» **What you need to do**: Below are some records. Return exactly the lines from the one containing "2019 Hyundai NEW" through the one containing "Ledyard Center School", both included, and only those.

» **Short descriptive text snippets**:

_ _ _ _ _

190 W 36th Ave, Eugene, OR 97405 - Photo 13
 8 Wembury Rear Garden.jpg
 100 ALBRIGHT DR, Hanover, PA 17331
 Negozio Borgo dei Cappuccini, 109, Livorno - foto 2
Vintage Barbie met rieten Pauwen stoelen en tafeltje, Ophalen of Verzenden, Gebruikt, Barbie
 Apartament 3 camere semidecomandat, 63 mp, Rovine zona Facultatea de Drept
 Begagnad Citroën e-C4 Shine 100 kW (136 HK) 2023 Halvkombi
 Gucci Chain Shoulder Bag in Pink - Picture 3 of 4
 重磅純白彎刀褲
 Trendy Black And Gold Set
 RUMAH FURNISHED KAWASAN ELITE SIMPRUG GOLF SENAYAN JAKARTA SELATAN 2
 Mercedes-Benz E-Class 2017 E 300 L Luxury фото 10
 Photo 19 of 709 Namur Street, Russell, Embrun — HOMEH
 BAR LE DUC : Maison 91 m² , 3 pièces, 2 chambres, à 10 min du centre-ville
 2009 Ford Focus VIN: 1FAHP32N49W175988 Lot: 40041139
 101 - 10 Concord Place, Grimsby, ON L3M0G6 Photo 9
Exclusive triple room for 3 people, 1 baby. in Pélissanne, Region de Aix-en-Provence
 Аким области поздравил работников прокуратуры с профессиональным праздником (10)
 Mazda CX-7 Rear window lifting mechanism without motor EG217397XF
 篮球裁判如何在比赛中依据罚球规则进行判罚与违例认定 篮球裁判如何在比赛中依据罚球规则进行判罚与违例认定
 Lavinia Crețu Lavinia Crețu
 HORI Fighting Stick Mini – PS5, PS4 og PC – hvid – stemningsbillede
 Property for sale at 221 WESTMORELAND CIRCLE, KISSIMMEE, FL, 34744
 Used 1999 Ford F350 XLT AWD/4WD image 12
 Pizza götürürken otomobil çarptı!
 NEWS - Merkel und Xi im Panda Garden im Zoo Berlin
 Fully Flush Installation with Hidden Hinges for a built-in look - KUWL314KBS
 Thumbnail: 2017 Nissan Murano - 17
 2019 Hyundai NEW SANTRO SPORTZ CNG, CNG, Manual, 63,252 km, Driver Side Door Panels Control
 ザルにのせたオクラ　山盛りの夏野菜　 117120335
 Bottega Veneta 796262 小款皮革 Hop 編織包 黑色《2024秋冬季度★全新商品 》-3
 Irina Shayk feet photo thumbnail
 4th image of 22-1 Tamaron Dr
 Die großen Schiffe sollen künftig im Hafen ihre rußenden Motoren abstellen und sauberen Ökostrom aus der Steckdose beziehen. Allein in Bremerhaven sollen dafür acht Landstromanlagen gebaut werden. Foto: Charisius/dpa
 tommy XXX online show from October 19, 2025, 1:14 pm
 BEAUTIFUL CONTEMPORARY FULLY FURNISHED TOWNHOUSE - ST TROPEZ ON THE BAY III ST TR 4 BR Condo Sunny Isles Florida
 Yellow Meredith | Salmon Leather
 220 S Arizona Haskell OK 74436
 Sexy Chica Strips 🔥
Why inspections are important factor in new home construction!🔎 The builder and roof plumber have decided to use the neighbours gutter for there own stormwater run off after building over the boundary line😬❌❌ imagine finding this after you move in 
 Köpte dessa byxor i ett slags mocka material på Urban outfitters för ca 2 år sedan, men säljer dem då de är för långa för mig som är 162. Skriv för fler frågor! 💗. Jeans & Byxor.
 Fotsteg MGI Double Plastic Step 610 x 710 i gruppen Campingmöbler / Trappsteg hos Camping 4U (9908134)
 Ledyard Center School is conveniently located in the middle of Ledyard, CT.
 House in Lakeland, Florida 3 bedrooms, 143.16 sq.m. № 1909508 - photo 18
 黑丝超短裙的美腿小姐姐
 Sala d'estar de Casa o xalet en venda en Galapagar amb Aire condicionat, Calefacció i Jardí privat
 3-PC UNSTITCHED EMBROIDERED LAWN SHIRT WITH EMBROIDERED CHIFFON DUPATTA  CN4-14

_ _ _ _ _

» **The completed task**:
 2019 Hyundai NEW SANTRO SPORTZ CNG, CNG, Manual, 63,252 km, Driver Side Door Panels Control
 ザルにのせたオクラ　山盛りの夏野菜　 117120335
 Bottega Veneta 796262 小款皮革 Hop 編織包 黑色《2024秋冬季度★全新商品 》-3
 Irina Shayk feet photo thumbnail
 4th image of 22-1 Tamaron Dr
 Die großen Schiffe sollen künftig im Hafen ihre rußenden Motoren abstellen und sauberen Ökostrom aus der Steckdose beziehen. Allein in Bremerhaven sollen dafür acht Landstromanlagen gebaut werden. Foto: Charisius/dpa
 tommy XXX online show from October 19, 2025, 1:14 pm
 BEAUTIFUL CONTEMPORARY FULLY FURNISHED TOWNHOUSE - ST TROPEZ ON THE BAY III ST TR 4 BR Condo Sunny Isles Florida
 Yellow Meredith | Salmon Leather
 220 S Arizona Haskell OK 74436
 Sexy Chica Strips 🔥
Why inspections are important factor in new home construction!🔎 The builder and roof plumber have decided to use the neighbours gutter for there own stormwater run off after building over the boundary line😬❌❌ imagine finding this after you move in 
 Köpte dessa byxor i ett slags mocka material på Urban outfitters för ca 2 år sedan, men säljer dem då de är för långa för mig som är 162. Skriv för fler frågor! 💗. Jeans & Byxor.
 Fotsteg MGI Double Plastic Step 610 x 710 i gruppen Campingmöbler / Trappsteg hos Camping 4U (9908134)
 Ledyard Center School is conveniently located in the middle of Ledyard, CT.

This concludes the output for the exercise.